- Born: Robert Morgan Hyatt 1948 (age 77–78) Laurel, Mississippi, US
- Education: University of Southern Mississippi University of Alabama at Birmingham
- Known for: Crafty, Cray Blitz
- Scientific career
- Fields: Computer science, programming, computer chess
- Workplaces: University of Southern Mississippi University of Alabama at Birmingham
- Thesis: A High-Performance Parallel Algorithm to Search Depth-First Game Trees (1988)

= Robert Hyatt =

American computer scientist and programmer

Robert Morgan Hyatt (born 1948) is an American computer scientist and programmer. He co-authored the computer chess programs Crafty and Cray Blitz which won two World Computer Chess Championships in the 1980s.
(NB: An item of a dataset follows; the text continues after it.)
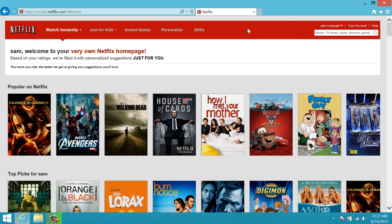Now that's pretty much it for Netflix navigation. Using those steps you can pretty much find anything you're looking for. If you have any other questions about Netflix navigation, just leave a comment below, and thank you for watching.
Hyatt was a computer science professor at the University of Southern Mississippi (1970–1985) and University of Alabama at Birmingham (1988–2016).

== Early life and education ==
Hyatt was born in Laurel, Mississippi in 1948. He earned a bachelor's degree in 1970 and an M.S. in 1983, both from the University of Southern Mississippi. His master's dissertation was titled Cray Blitz: A Computer Chess Playing Program. Hyatt earned a Ph.D. in computer and information sciences at the University of Alabama at Birmingham in 1988. His thesis was titled A High-Performance Parallel Algorithm to Search Depth-First Game Trees. Bruce Wilsey Suter was Hyatt's doctoral advisor.

== Career ==
Hyatt is co-author of the computer chess program Crafty and the co-author of Cray Blitz, a two-time winner of the World Computer Chess Championships. He has been actively involved in computer chess since he first started to program a computer to play chess in 1968. These efforts have been supported by various computer vendors such as Univac (1978), Cray Research (1980–1994), and more recently AMD via their developer's lab. Crafty is freely available both in executable form (from many different web sites) and in source form (from Hyatt's home page). Crafty presently participates in many computer chess tournaments (and an occasional human chess tournament). An old version of the source of Cray Blitz is also available on the internet for those interested in seeing what computer chess looked like in the late 1980s.

Hyatt taught computer science for 46 years, from 1970 through 1985 at the University of Southern Mississippi and from 1985 through 2016 at the University of Alabama at Birmingham. He retired in 2016 as an associate professor of computer science at the University of Alabama at Birmingham, in the Department of Computer and Information Sciences (1988–2016).